IL SIMONE... DELL'ERA POPULISTA
Simon Boccanegra è senza dubbio uno dei capolavori di
Verdi, titolo tra i più complessi al quale il genio di Busseto ha dedicato
moltissimi anni della sua vita.
Il Festival di Salisburgo l’ha messo in scena durante questa
edizione con esiti direi molto buoni.
La regia di Andreas Kriegenburg, abbastanza innovativa ma
comunque coerente con la partitura, pone l’attenzione su quanto al giorno
d’oggi siano i social network il veicolo principale della politica e dei
politicanti, capaci di distruggere un avversario e di rendere “dio” anche chi
effettivamente non lo è. Gli smartphone sono l’emblema di questa visione e fin
dall’inizio vengono usati da una fazione politica genovese, particolarmente impegnata
per l’elezione del nuovo Doge, per twittare le indicazioni agli elettori che
nervosamente leggono e rispondono ai messaggi. Sembra una metafora della
situazione di oggi in cui il sovranismo la fa da padrone e Simone, inconsapevolmente
riprodotto da Paolo e Pietro come tale, viene acclamato dal popolo, non prima
di essersi confrontato con Fiesco e di aver appreso della morte dell’amata
Maria. Dopo il prologo ci troviamo di fronte ad Amelia, che appare quasi come
un ologramma, in mezzo a un gruppo di segretarie armate di tablet, poi Gabriele
Adorno entra in scena cantando la sua aria al pianoforte. E il pianoforte,
insieme ad altri pochissimi elementi, va a costituire l’intera scena che muterà
poco nel corso dell’opera, a parte la grande scatola circolare, posizionata
sulla destra del palco, che funge da sala del consiglio. Il Doge è sempre
attorniato da losche figure (guardie del corpo, manovratori politici, agenti
segreti?) e in mezzo a tutta questa gente a fatica riesce a sapere il segreto
di Amelia. Il secondo atto si apre poi con tanti cadaveri a terra mentre Paolo
prepara il veleno mentre l’atto conclusivo vede in scena tutto il coro sullo
sfondo con Simone che muore, sul proscenio, tra le braccia di Amelia e Adorno
che viene nominato nuovo Doge mostrando un’espressione tra lo sbalordimento e
il terrore. La regia comunque fila via liscia senza interrompere la narrazione
musicale anche se uno degli elementi caratterizzanti l’atmosfera dell’opera, e
cioè il mare, manca in maniera assoluta. Molto probabilmente il regista pensa
solo all’aspetto politico.
Il cast vede nel ruolo del protagonista Luca Salsi. La sua
interpretazione è molto approfondita e, grazie alla morbidezza della sua voce,
ci fa ascoltare un Simone poco autoritario ma anzi preoccupato di capire tutte
le ragioni per far sì che la pace tra le persone abbia la meglio, anche se le
stesse persone non è che ne vogliano tanto sapere. A me personalmente è piaciuto
soprattutto nelle scene intime, cesellate dalla sua sicura e duttile voce.

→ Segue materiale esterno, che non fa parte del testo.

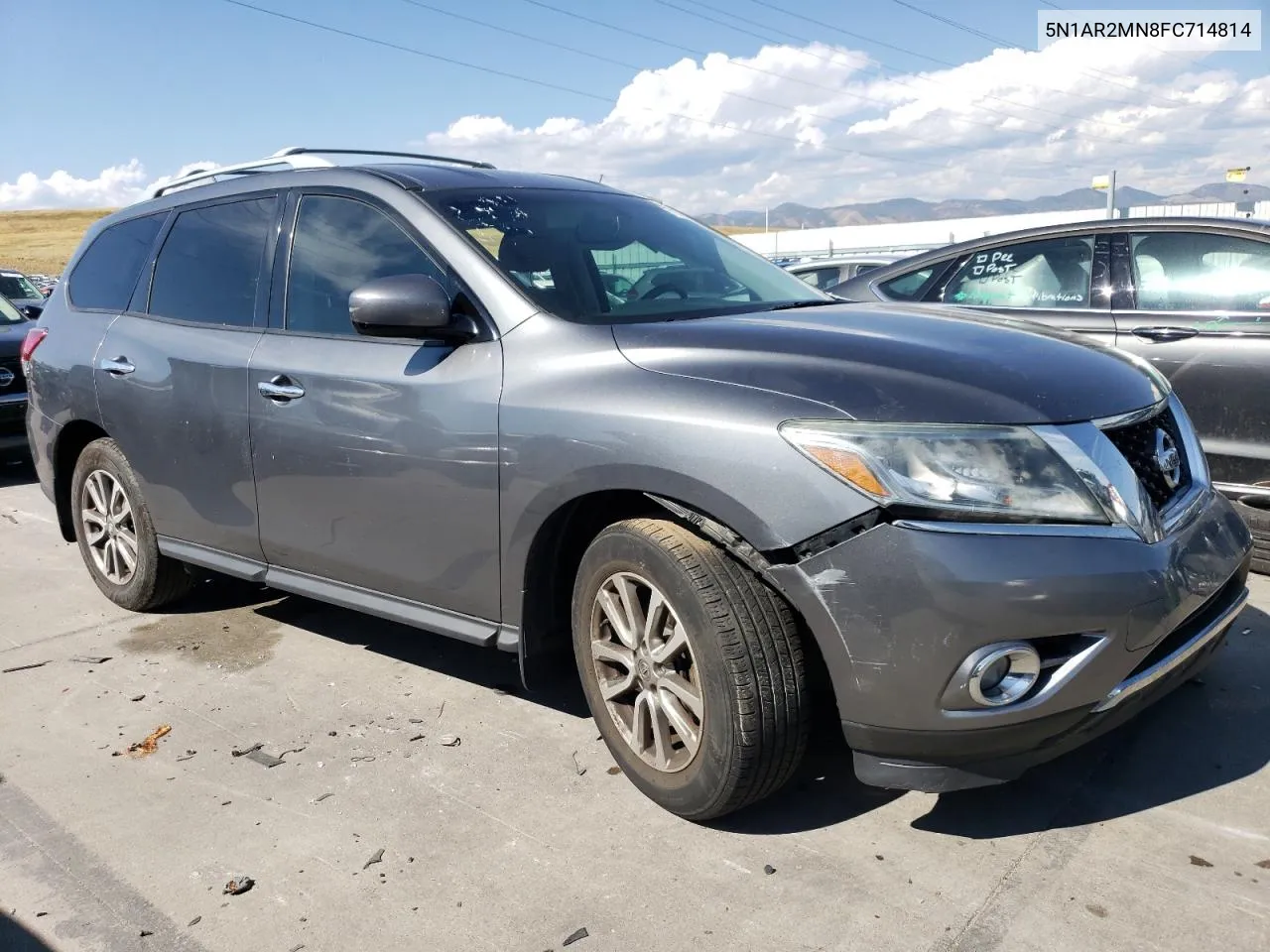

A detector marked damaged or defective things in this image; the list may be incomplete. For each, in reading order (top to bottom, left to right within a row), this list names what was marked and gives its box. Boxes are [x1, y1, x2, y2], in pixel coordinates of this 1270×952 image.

damaged front bumper [762, 487, 1249, 791]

René Pape è Fiesco e mette in scena un personaggio direi
tutto d’un pezzo, dopo lo smarrimento e l’angoscia iniziale dovuta alla morte
di Maria. Il basso tedesco canta bene, scenicamente è impeccabile… la pronuncia
italiana un po’ meno.
Charles Castronovo è molto bravo nel ruolo di Gabriele Adorno,
anche grazie alla verve scenica e ad una voce un po’ brunita che però riesce a
cesellare in maniera perfetta.
Marina Rebeka, nel ruolo di Amelia, non mi ha convinto del
tutto. La cantante lettone sembra non essere musicalmente “dentro la parte”,
cantando sì bene ma non trovando a mio avviso i colori giusti per il
personaggio, mostrando inoltre alcune asprezze nel registro acuto.
Buono il Paolo di André Heyboer e molto bravo Antonio Di
Matteo nel ruolo Pietro.
Valery Gergiev dirige in maniera molto precisa, con tempi
che al momento giusto si allargano oppure stringono, gli straordinari Wiener
Philarmoniker. Il maestro russo ci dà una lettura veramente ricca di sfumature
di una partitura che, nel passato anche abbastanza recente, ha visto “cadere”
più di qualche “grande” del podio. Unico neo, che a mio avviso il maestro
doveva evitare imponendosi sul regista, l’attacco inziale dell’opera disturbato
volutamente dalle voci dei coristi che parlano al loro smartphone.